Short descriptive text snippets:
= Beginning of Section =

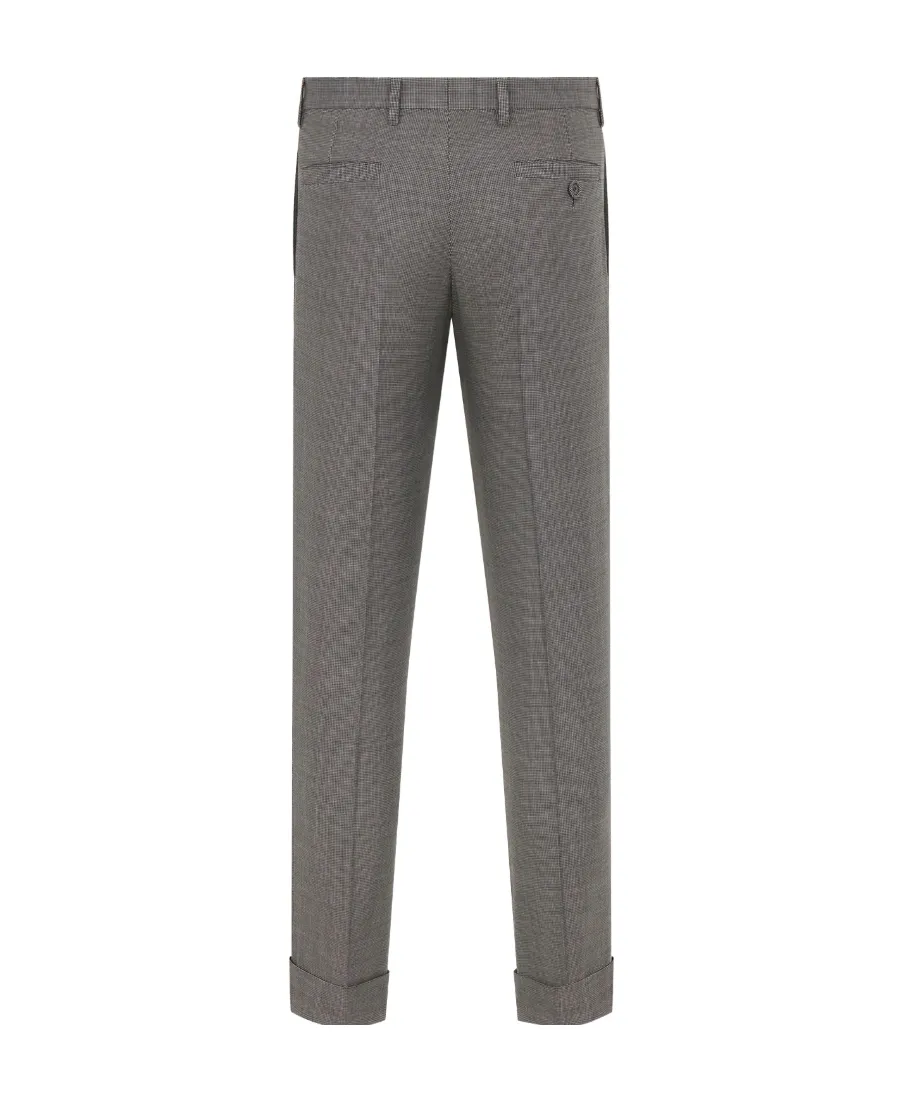 Tailored Chinos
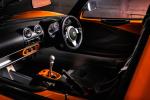 Lotus Elise Cup 250 2017 года (UK)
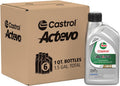 Castrol Actevo 4T 20W-50 Motorcycle Oil for Ultimate Protection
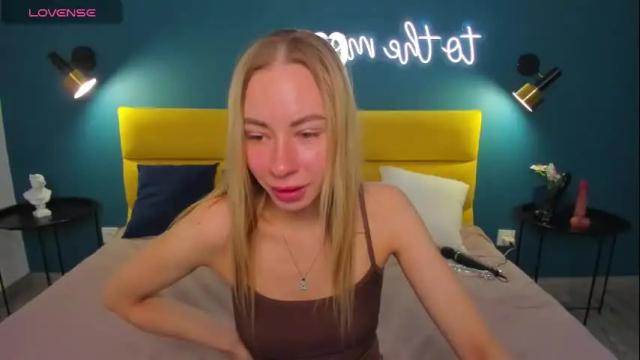Thumbnail 3, diana_garrett's Stream at Chaturbate, 1 month ago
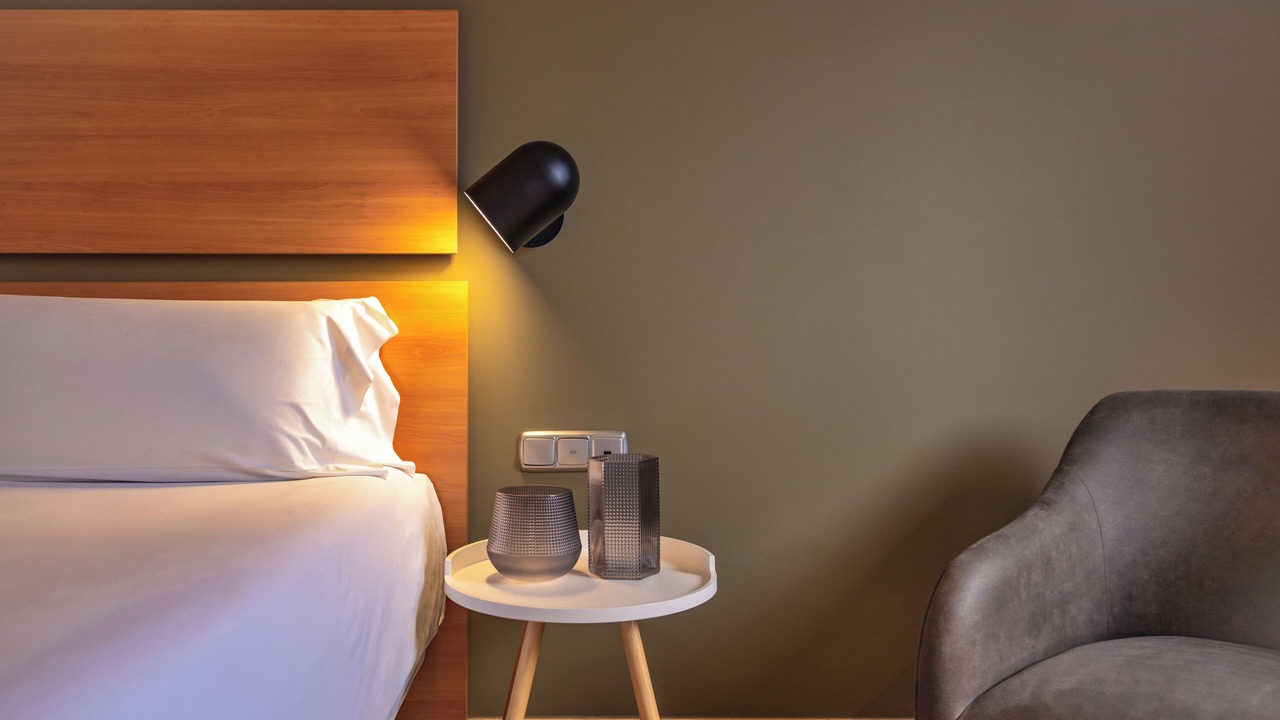 Photo of Bedroom in Tarragona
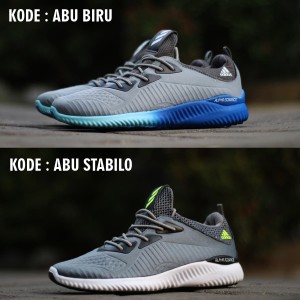 Sepatu Pria Adidas Sneakers Tokopedia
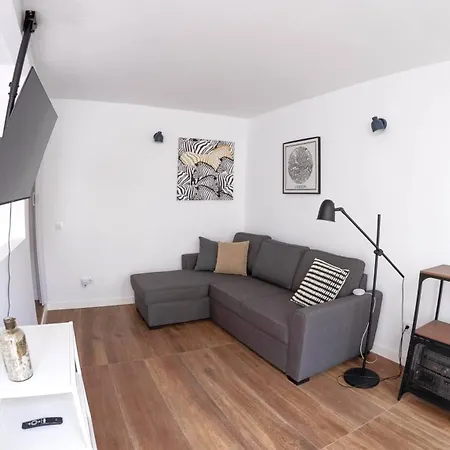 Sita Urban Holiday home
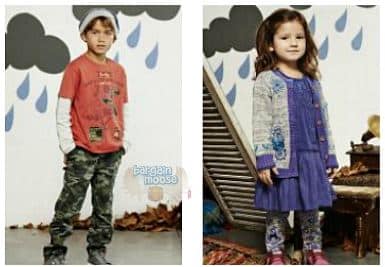 Naartjie Kids Clothing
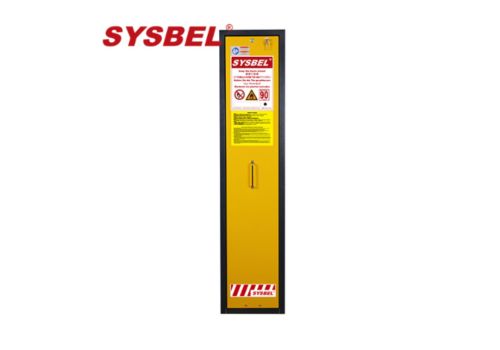 Tủ chứa hóa chất dễ cháy SYSBEL SE490550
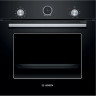 Духовой шкаф Bosch HBJS10YB0R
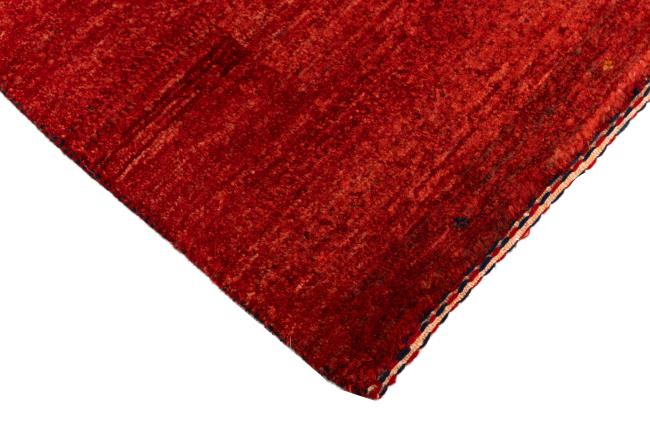 Persia Gabbeh Loribaft Atash - 5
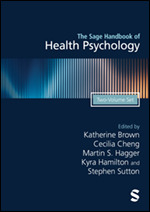 The Sage Handbook of Health Psychology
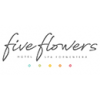 Five Flowers Hotel & Spa Formentera-logo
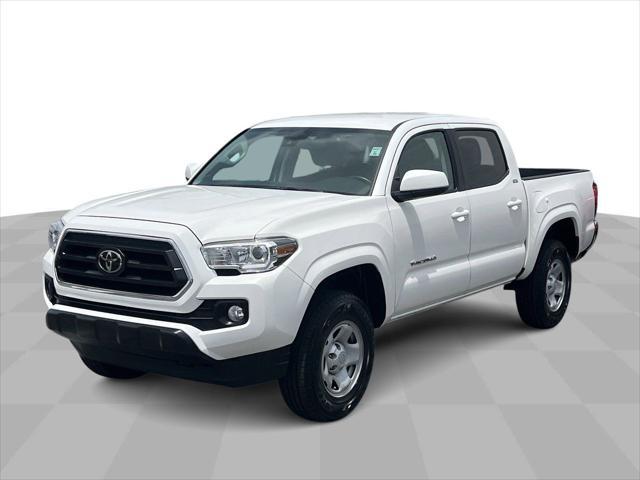 used 2022 Toyota Tacoma car, priced at $25,500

= End of Section =

EXERCISE REQUIREMENTS: Retype each line above precisely, please. Skip anything that is a picture.

YOUR SOLUTION:
 Tailored Chinos
 Lotus Elise Cup 250 2017 года (UK)
 Castrol Actevo 4T 20W-50 Motorcycle Oil for Ultimate Protection
Thumbnail 3, diana_garrett's Stream at Chaturbate, 1 month ago
 Photo of Bedroom in Tarragona
 Sepatu Pria Adidas Sneakers Tokopedia
 Sita Urban Holiday home
 Naartjie Kids Clothing
 Tủ chứa hóa chất dễ cháy SYSBEL SE490550
 Духовой шкаф Bosch HBJS10YB0R
 Persia Gabbeh Loribaft Atash - 5
 The Sage Handbook of Health Psychology
 Five Flowers Hotel & Spa Formentera-logo
 used 2022 Toyota Tacoma car, priced at $25,500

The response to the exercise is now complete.